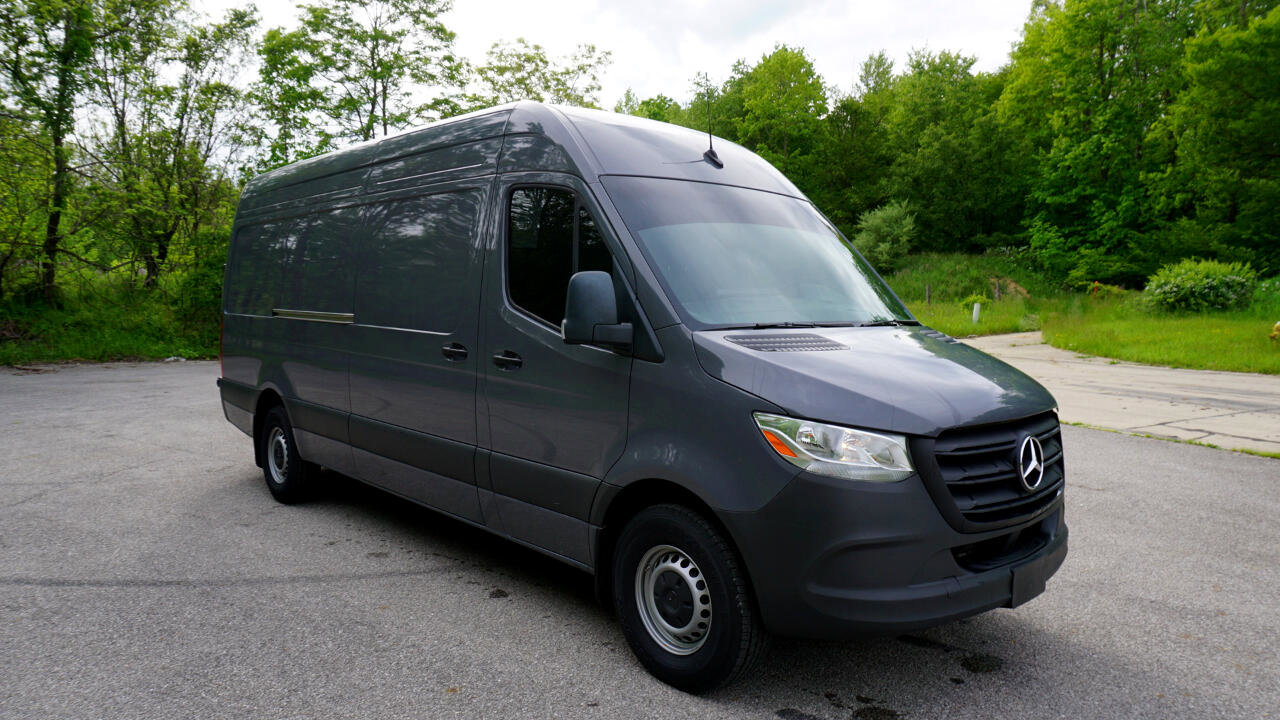 Used 2024 Mercedes-Benz Sprinter 2500 image 7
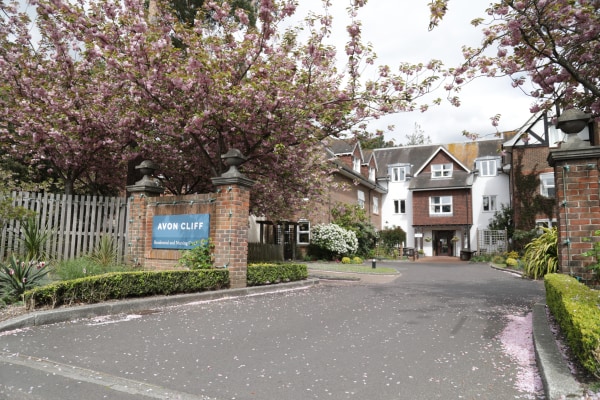 Avon Cliff Nursing Home, nursing home in Bournemouth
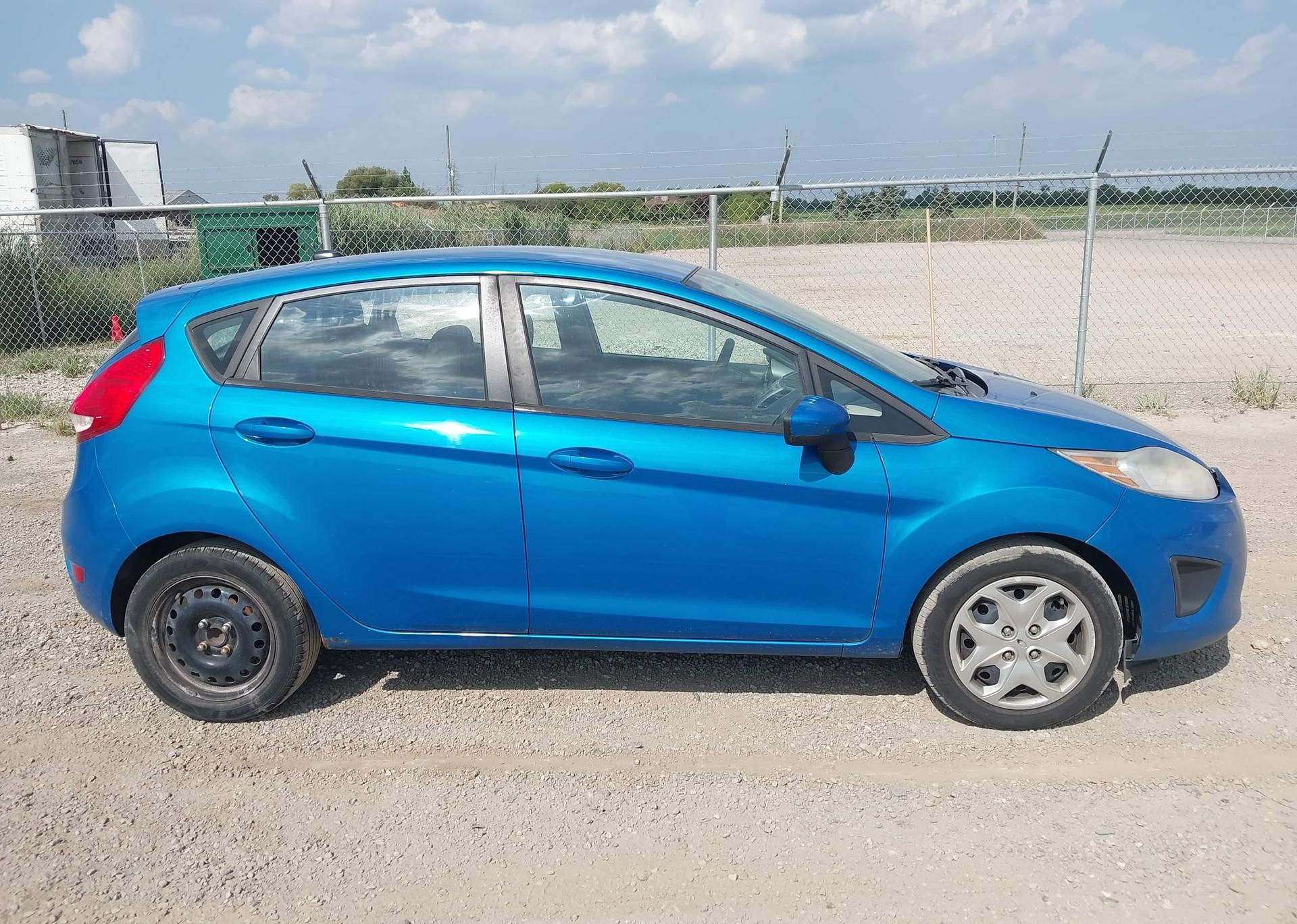 2012 FORD FIESTA SE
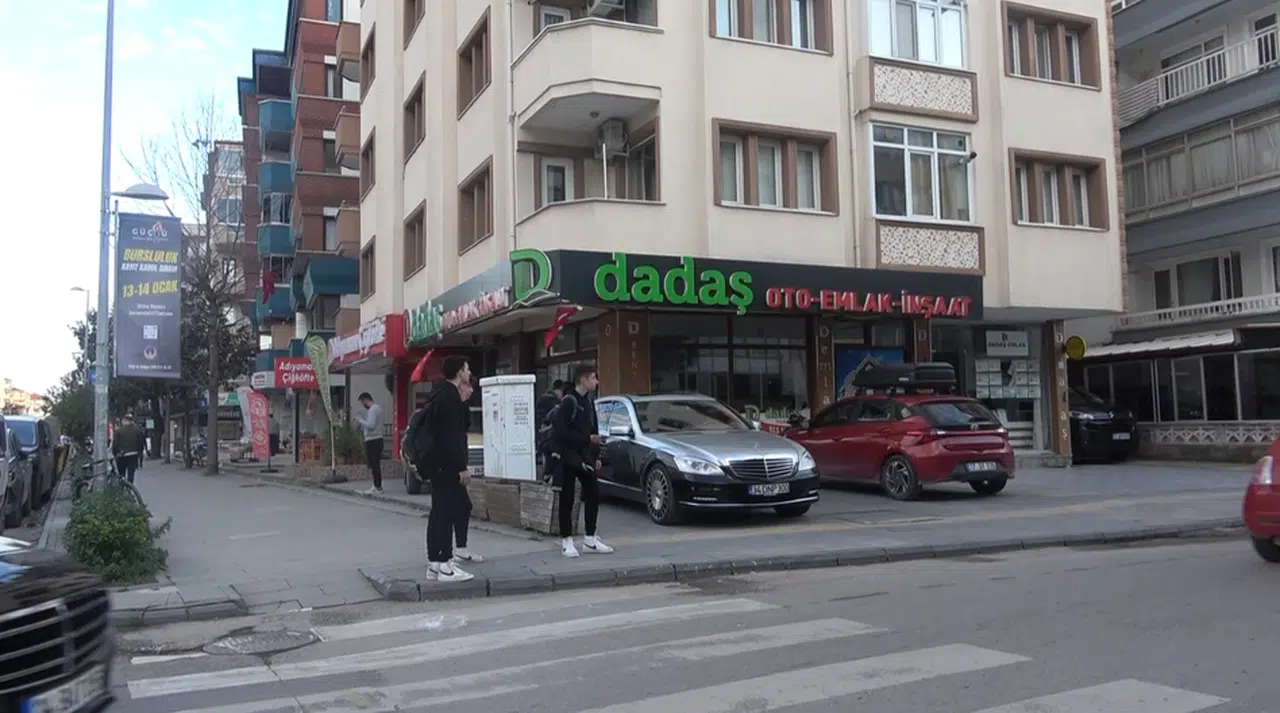 Kiralama şirketinden çaldığı lüks araçla Zonguldak’a kaçtı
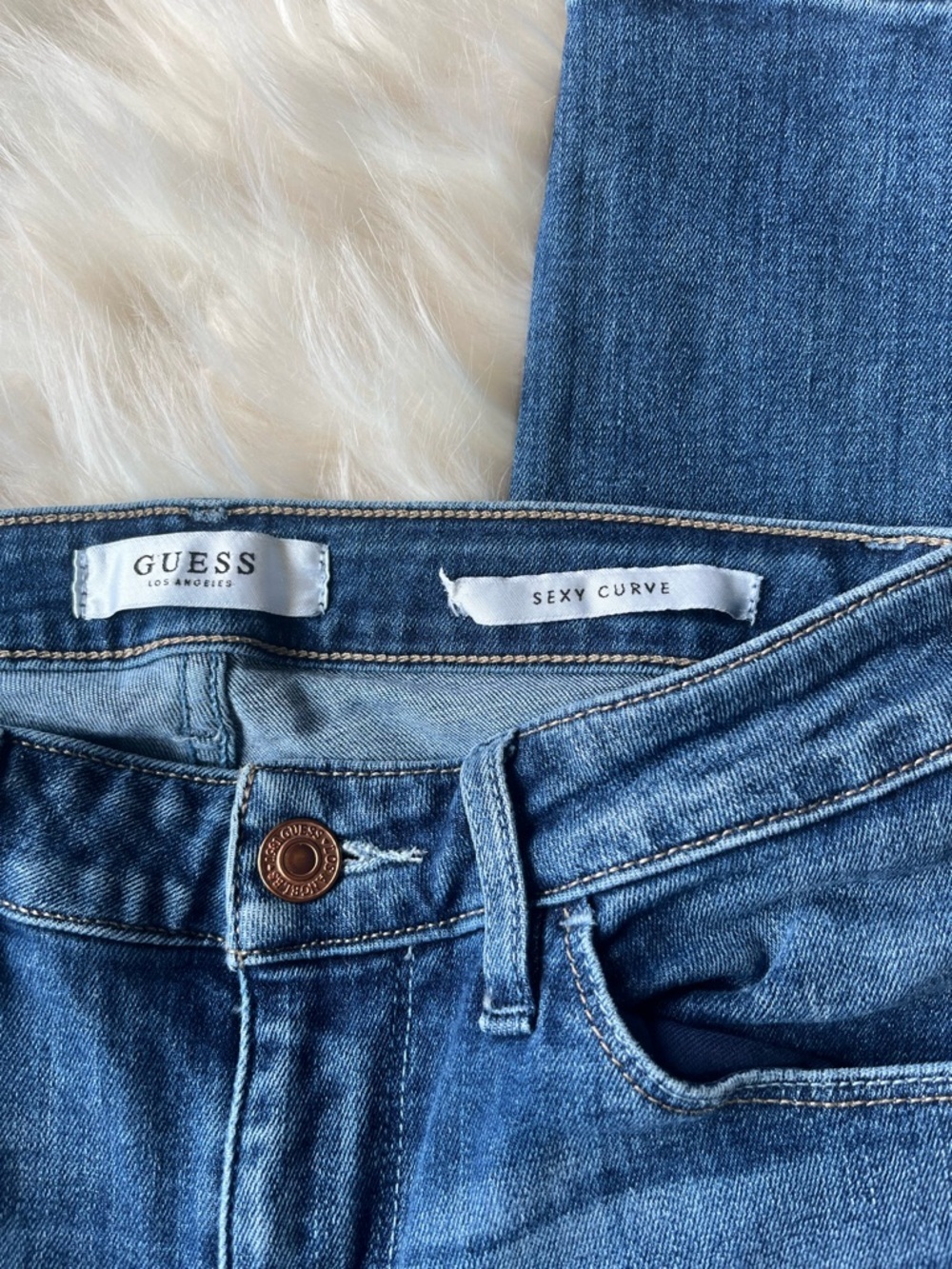 Guess Sexy Curve Jeans Women's 26x28 Mid Rise Skinny Medium Wash - Picture 4 of 5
·····
What is required
Could you set down every entry again exactly as written, leaving out any pictures?

Output below
 Used 2024 Mercedes-Benz Sprinter 2500 image 7
 Avon Cliff Nursing Home, nursing home in Bournemouth
 2012 FORD FIESTA SE
 Kiralama şirketinden çaldığı lüks araçla Zonguldak’a kaçtı
 Guess Sexy Curve Jeans Women's 26x28 Mid Rise Skinny Medium Wash - Picture 4 of 5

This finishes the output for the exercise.